(YOUR INSTRUCTIONS):
Restate each line below word for word, skipping every picture.

(GIVEN RECORDS):
════════════════════

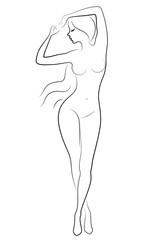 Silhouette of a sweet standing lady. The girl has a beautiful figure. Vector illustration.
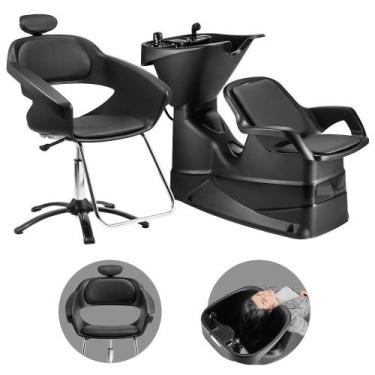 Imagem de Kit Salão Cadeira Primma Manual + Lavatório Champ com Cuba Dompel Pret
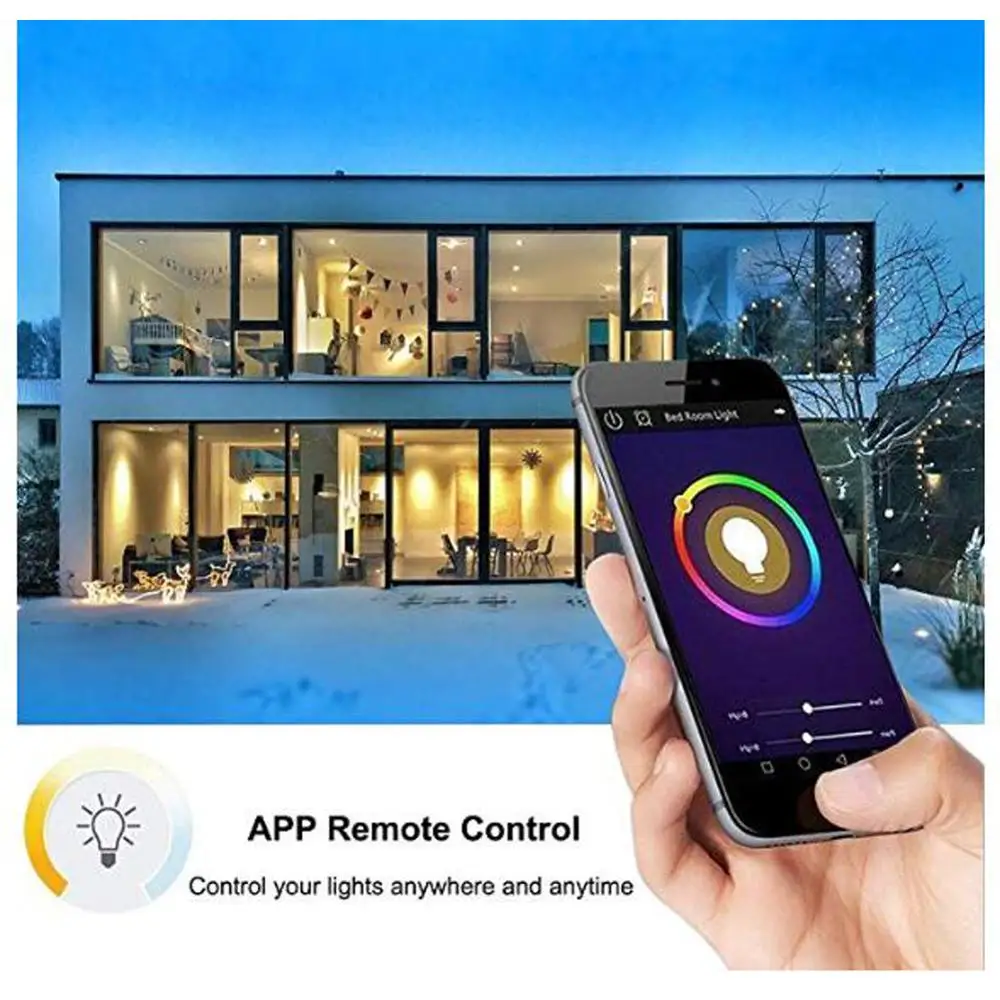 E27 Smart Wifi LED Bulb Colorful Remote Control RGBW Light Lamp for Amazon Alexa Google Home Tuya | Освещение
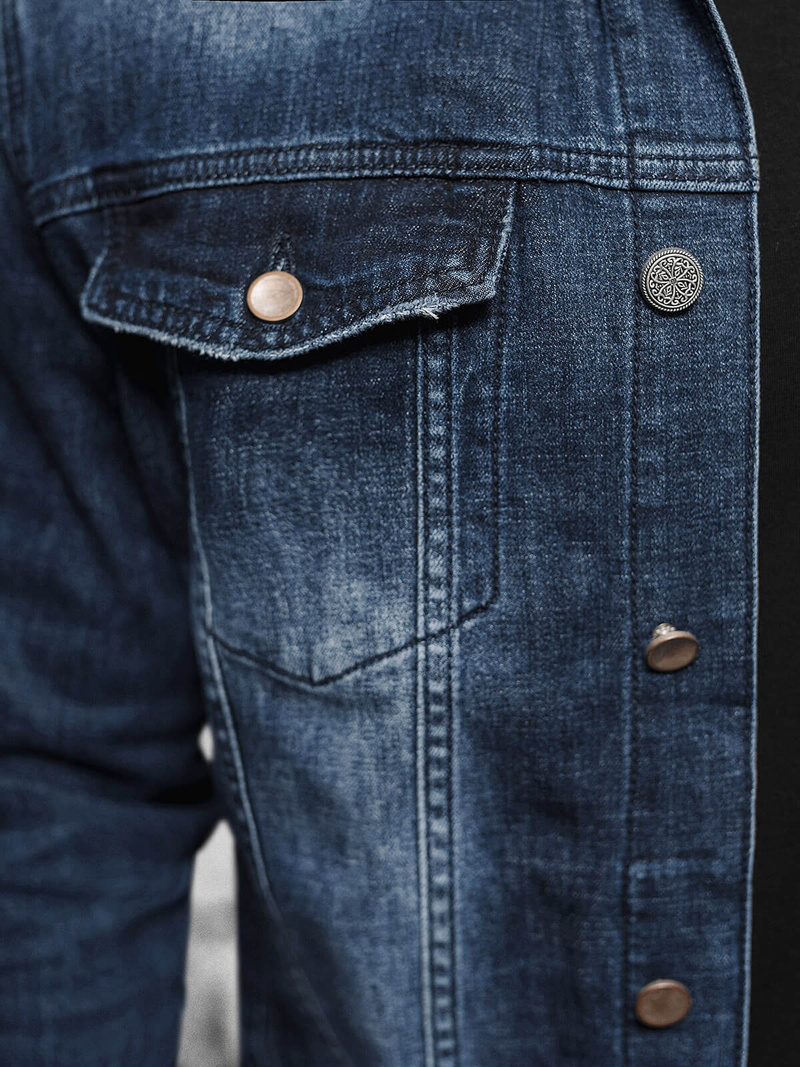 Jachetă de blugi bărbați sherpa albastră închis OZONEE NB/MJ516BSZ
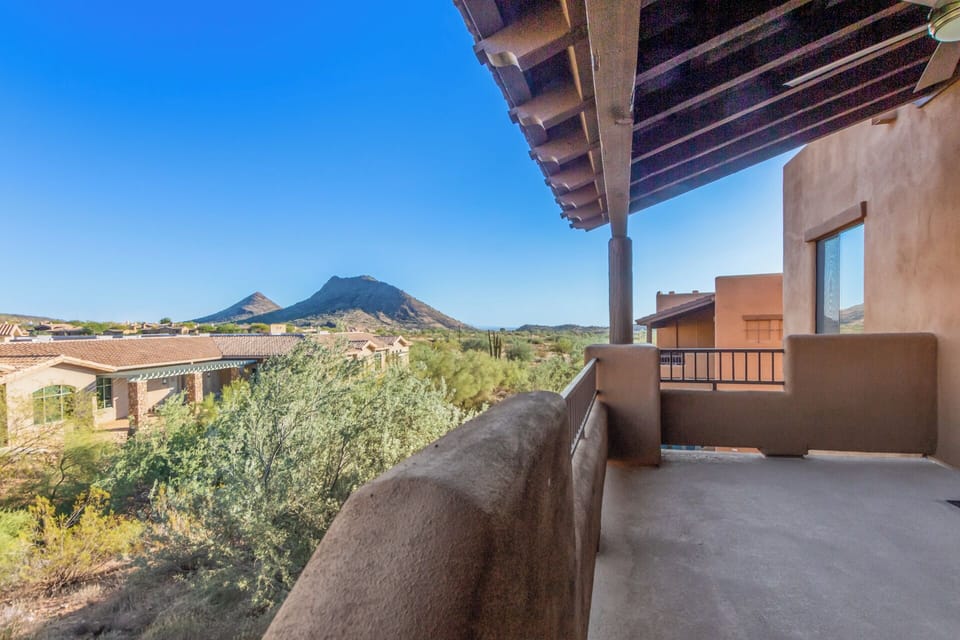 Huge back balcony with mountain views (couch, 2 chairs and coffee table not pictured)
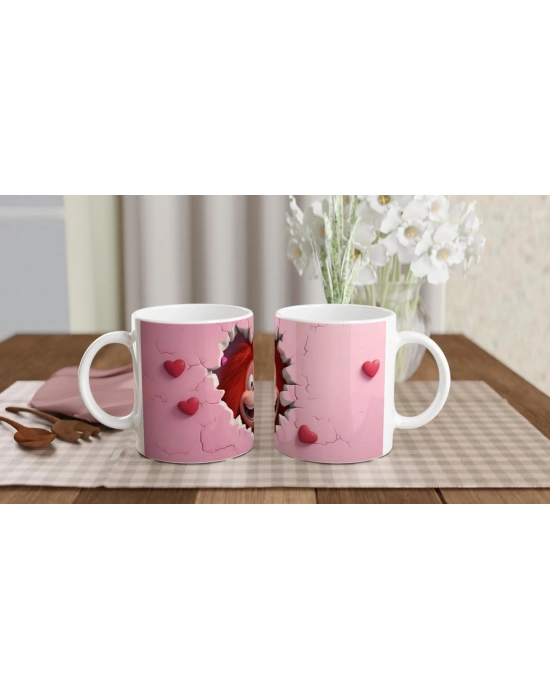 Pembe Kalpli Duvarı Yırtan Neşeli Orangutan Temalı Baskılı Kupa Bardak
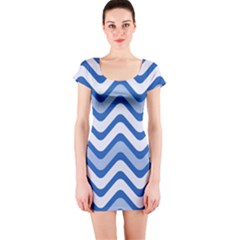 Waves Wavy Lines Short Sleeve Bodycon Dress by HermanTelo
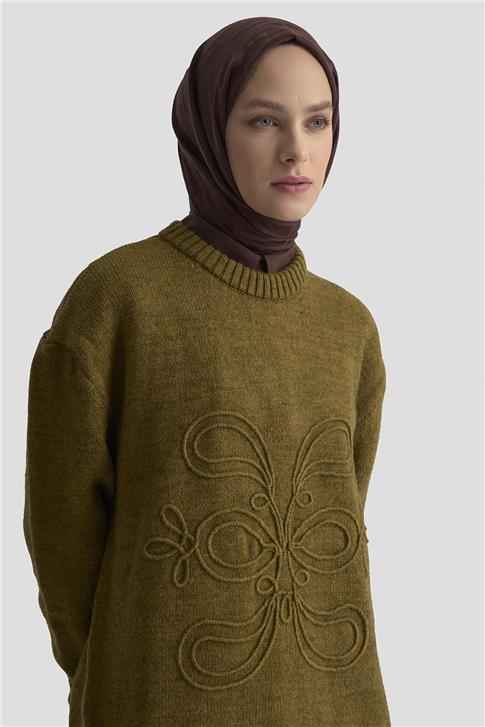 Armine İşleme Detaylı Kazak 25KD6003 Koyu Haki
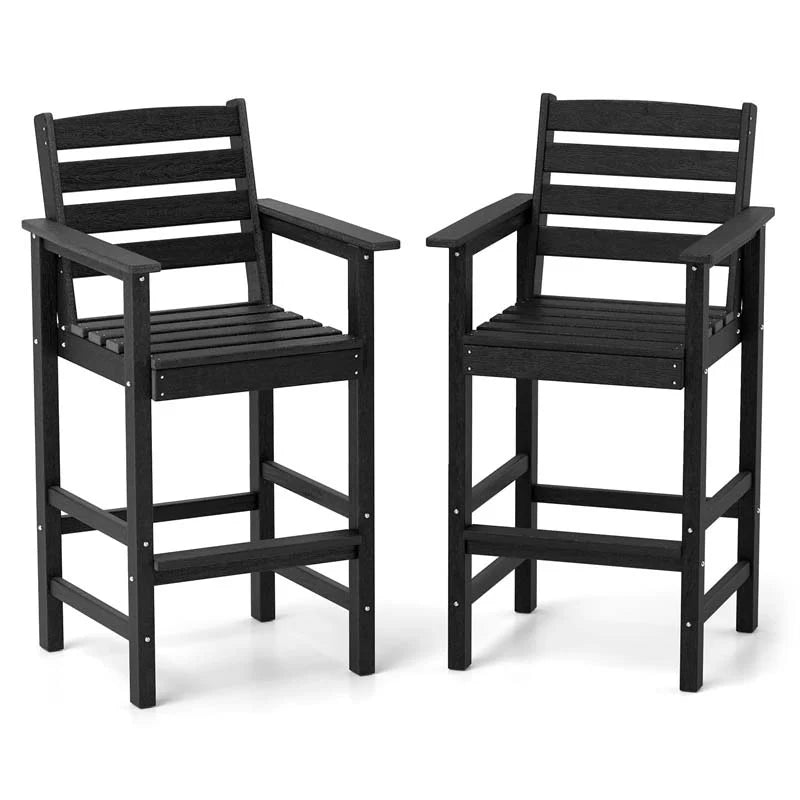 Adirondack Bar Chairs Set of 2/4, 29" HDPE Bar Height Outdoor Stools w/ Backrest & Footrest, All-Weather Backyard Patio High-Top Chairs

════════════════════

(REPLY):
 Silhouette of a sweet standing lady. The girl has a beautiful figure. Vector illustration.
 Imagem de Kit Salão Cadeira Primma Manual + Lavatório Champ com Cuba Dompel Pret
 E27 Smart Wifi LED Bulb Colorful Remote Control RGBW Light Lamp for Amazon Alexa Google Home Tuya | Освещение
 Jachetă de blugi bărbați sherpa albastră închis OZONEE NB/MJ516BSZ
 Huge back balcony with mountain views (couch, 2 chairs and coffee table not pictured)
 Pembe Kalpli Duvarı Yırtan Neşeli Orangutan Temalı Baskılı Kupa Bardak
 Waves Wavy Lines Short Sleeve Bodycon Dress by HermanTelo
 Armine İşleme Detaylı Kazak 25KD6003 Koyu Haki
 Adirondack Bar Chairs Set of 2/4, 29" HDPE Bar Height Outdoor Stools w/ Backrest & Footrest, All-Weather Backyard Patio High-Top Chairs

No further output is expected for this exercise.